WHAT YOU HAVE TO DO: Make an exact copy of the lines from the one holding "Бодомзор метро якинида" through the end of the entries below, both ends kept, and of nothing else. Exclude pictures.

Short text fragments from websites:
-- Opening Marker --

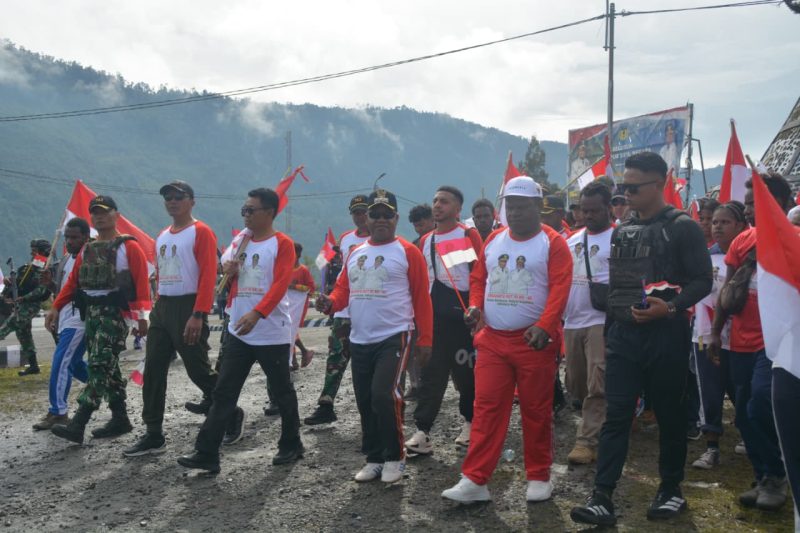 Merah Putih Membentang di Langit Puncak Jaya: Ribuan Warga Ikuti Kirab Kemerdekaan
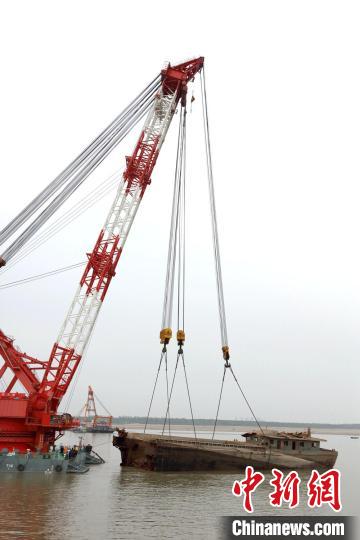 沉船順利打撈出水 長江航道局供圖 沉船順利打撈出水 長江航道局供圖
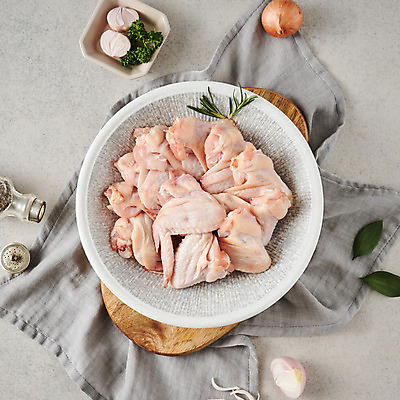 포토 JPG 스튜디오촬영 접시 식재료 양파 실내 생고기 사람없음 하이앵글 닭고기 천 담기 닭날개 월계수 플랫레이 국내포토 식기 뷰포인트 채소 모션 육류 내부 직물 플랫 파일형식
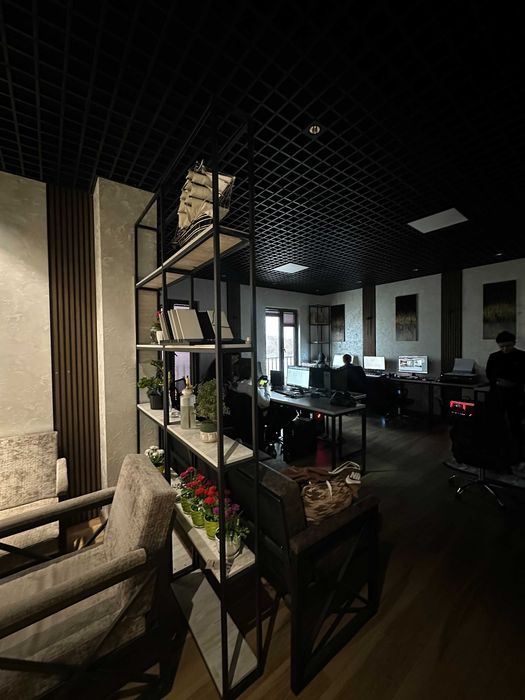 Бодомзор метро якинида офис арендага берилади!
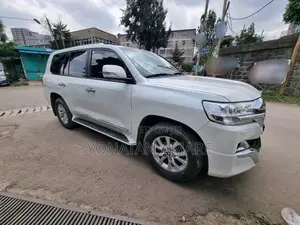 Toyota Land Cruiser 2020 White
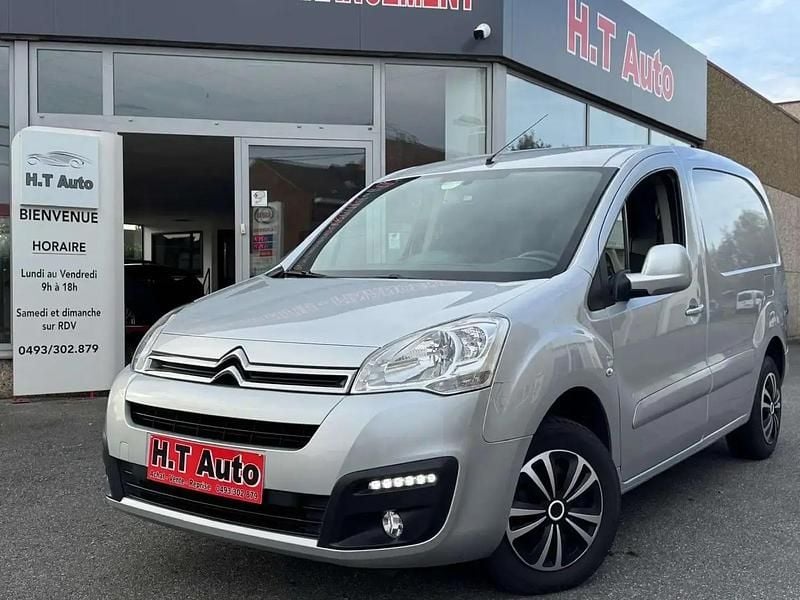 Gris Utilisé 2017 Citroën Berlingo Van | 10 999 € (Prix juste) - Image 1/4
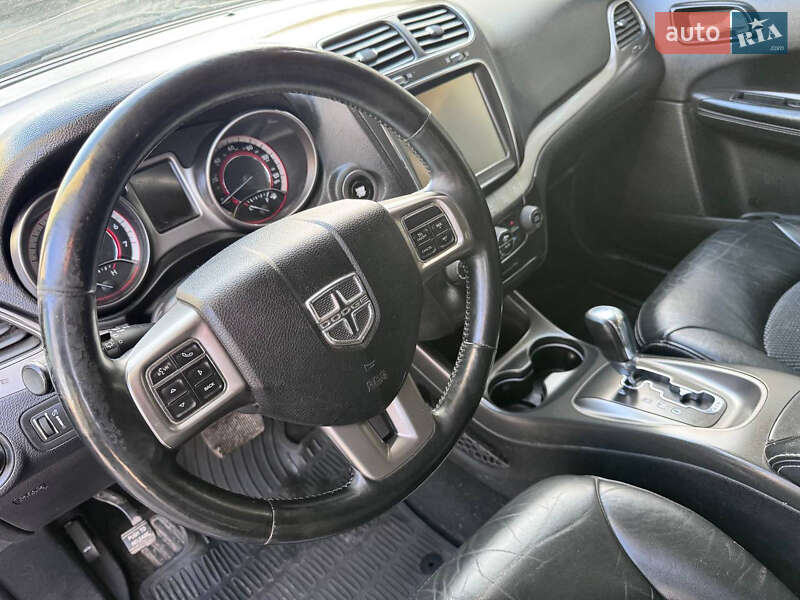 Позашляховик / Кросовер Dodge Journey 2016 в Тростянці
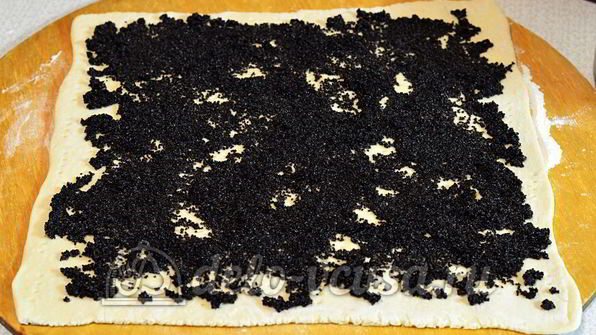 рулет с маком из слоеного теста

-- Closing Marker --

ANSWER FOR THIS EXERCISE:
 Бодомзор метро якинида офис арендага берилади!
 Toyota Land Cruiser 2020 White
 Gris Utilisé 2017 Citroën Berlingo Van | 10 999 € (Prix juste) - Image 1/4
 Позашляховик / Кросовер Dodge Journey 2016 в Тростянці
 рулет с маком из слоеного теста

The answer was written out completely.